В частности, исконные противоположности категорий выражают некий неисследимо глубокий смысл. Предельное раздвоение в сознании вообще — это раздвоение на логические формы и наполняющий их материал. Но непроницаемое логически остается все же материей сознания вообще. Материя не есть бытие, так же как не составляют бытия и категории. Она алогична, однако не трансцендентна. Но то, что в существовании обнаруживается это раздвоение, есть возможный шифр. В спекулятивной мысли я хотел бы на мгновение встретиться с трансценденцией через материю, а затем — через логические формы; но только там, где то и другое образуют единство, где материя сама становится формой, а множественность форм сама становится материей или там, где раздваивающее мышление отрекается от себя в формальном трансцендировании, — там вспыхивает перед нами шифр.
Человек
Что такое мы сами — это мы, казалось бы, можем знать лучше всего другого, и — этого мы никогда не знаем.
Человека понимают антропологически, в его телесности, как звено в царстве живого, в различии его рас, как анатомических, физиологических и физиогномических разновидностей. Его понимают как сознание, причем и как сознание вообще, которое известно нам только у человека, и как психическое существование. Если здесь он становится предметом логики и психологии, то в качестве существа, которое вырастает всякий раз благодаря своей традиции и во взаимном общении с другими, он есть предмет социологии. Человек, поскольку его изучают как объект, никогда не есть только биологический вид, но — скачком отделяясь от животных — он есть духовное существо, которое говорит, овладевает природой и, наконец, вовлекает себя самого в акт своего действия (ein geistiges Wesen, das spricht sich der Natur bemächtigt und schließlich sich selbst in sein Machen einbezieht).

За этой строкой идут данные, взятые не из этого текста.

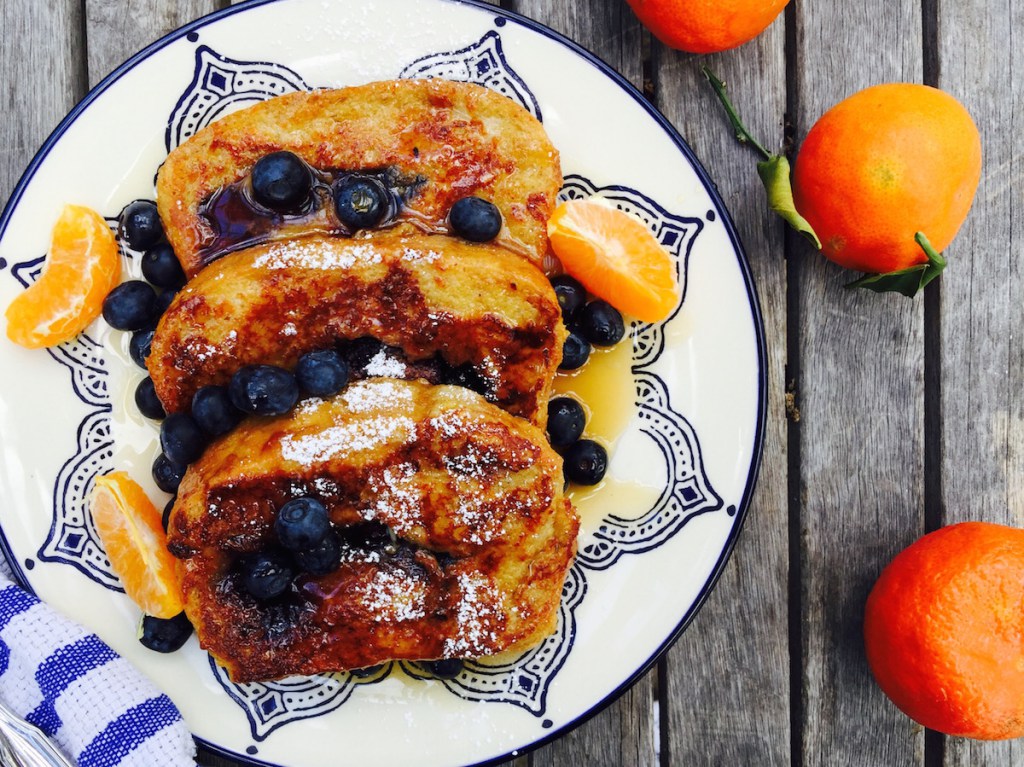 Boozy Blueberry and Tangerine French Toast Recipe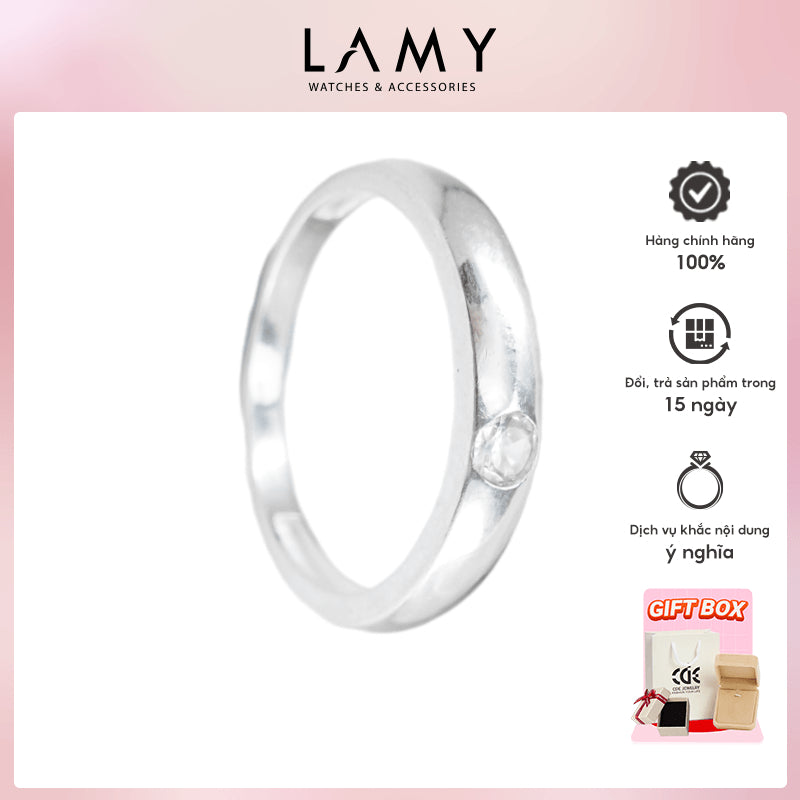 Nhẫn bạc nam nữ CDE Classic Couple Ring Silver CDE8238SV - Nhẫn bạc ta cao cấp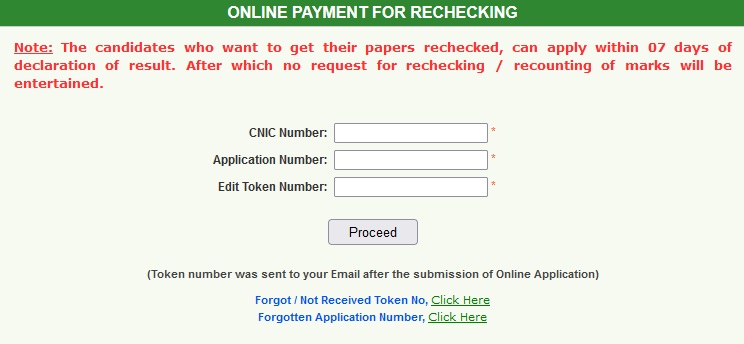 How to Generate PSID for the Payment of Paper Rechecking 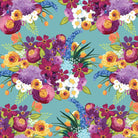 Main Aqua from Floralicious by Lila Tueller for Riley Blake Designs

Способы, которыми человек делает самого себя предметом, антропологический способ, способ, свойственный просветляющей сознание логике, психологический и социологический способы, невозможно отделить один от другого; в каждом из них становится смутно ощутимо то, что по-настоящему доступно только для другого способа предметности. Но, объемля их все, человек есть знающий, который всегда есть еще больше, чем то, что он о себе знает. Само его знание, в свою очередь, приносит с собою новую возможность, так что уже благодаря тому, что он постигает себя мыслью, он вновь становится иным. Поэтому человек есть то, что он о себе знает, только с этой одной стороны своего существа; как знаемое бытие он еще не есть то, что подлинно есть он сам.